以下、本発明を具体化した実施の形態について、図面を参照して説明する。なお、参照する図面は、本発明が採用しうる技術的特徴を説明するために用いられるものであり、記載されている装置の構成、各種処理のフローチャートなどは、特に特定的な記載がない限り、それのみに限定する趣旨ではなく、単なる説明例である。
<第1の実施形態>
図1〜図12を参照して、本発明の第1の実施形態に係る表示端末1について説明する。
図1〜図4を参照して、表示端末1の物理的構成について説明する。

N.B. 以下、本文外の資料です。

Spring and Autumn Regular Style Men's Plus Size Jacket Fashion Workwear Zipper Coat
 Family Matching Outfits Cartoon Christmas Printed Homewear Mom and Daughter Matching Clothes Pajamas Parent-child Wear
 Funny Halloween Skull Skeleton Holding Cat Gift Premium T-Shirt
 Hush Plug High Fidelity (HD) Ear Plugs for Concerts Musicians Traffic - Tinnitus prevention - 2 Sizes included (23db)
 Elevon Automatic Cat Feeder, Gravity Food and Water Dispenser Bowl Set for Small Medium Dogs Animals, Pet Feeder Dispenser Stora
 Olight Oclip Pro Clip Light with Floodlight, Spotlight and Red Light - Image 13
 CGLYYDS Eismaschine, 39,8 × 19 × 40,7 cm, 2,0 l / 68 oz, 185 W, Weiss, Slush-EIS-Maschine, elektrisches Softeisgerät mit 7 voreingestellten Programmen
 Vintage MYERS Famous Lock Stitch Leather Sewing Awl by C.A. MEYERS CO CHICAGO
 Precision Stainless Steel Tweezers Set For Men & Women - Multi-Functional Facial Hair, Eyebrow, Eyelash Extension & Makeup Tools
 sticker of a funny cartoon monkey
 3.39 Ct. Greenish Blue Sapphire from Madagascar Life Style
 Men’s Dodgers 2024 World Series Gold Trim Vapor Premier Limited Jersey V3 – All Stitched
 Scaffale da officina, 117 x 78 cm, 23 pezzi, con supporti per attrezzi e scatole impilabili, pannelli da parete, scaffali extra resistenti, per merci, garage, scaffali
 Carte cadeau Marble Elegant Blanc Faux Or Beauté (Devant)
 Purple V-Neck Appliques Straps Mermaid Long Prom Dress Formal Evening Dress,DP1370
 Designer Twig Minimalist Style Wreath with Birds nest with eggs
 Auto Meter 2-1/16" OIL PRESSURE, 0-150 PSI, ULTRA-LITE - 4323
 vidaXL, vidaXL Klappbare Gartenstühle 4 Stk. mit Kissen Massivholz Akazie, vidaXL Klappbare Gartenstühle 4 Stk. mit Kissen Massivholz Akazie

図1に示すように、本実施形態に例示する表示端末1は、携帯用の電子機器に具備可能な小型の電気泳動表示部である表示パネル2と、表示パネル2での画像表示を制御する制御基板3とを、略直方体形状の筐体に備えている。また、図1には図示しないが、表示端末1の側面には、メモリカード87(図5参照)を挿入するためのカードスロットが設けられている。
表示端末1の正面中央に配置された表示パネル2は、一例として正面視縦長の直方体形状をなす。図1に点線で示すように、表示端末1を正面視したときの表示パネル2の奥側には制御基板3が設けられており、表示パネル2と制御基板3とが電気的に接続されている。また、表示パネル2の表示面が配置される表示端末1の正面には、後述する操作キー95、電源ボタン85および温度センサ81が配置されている。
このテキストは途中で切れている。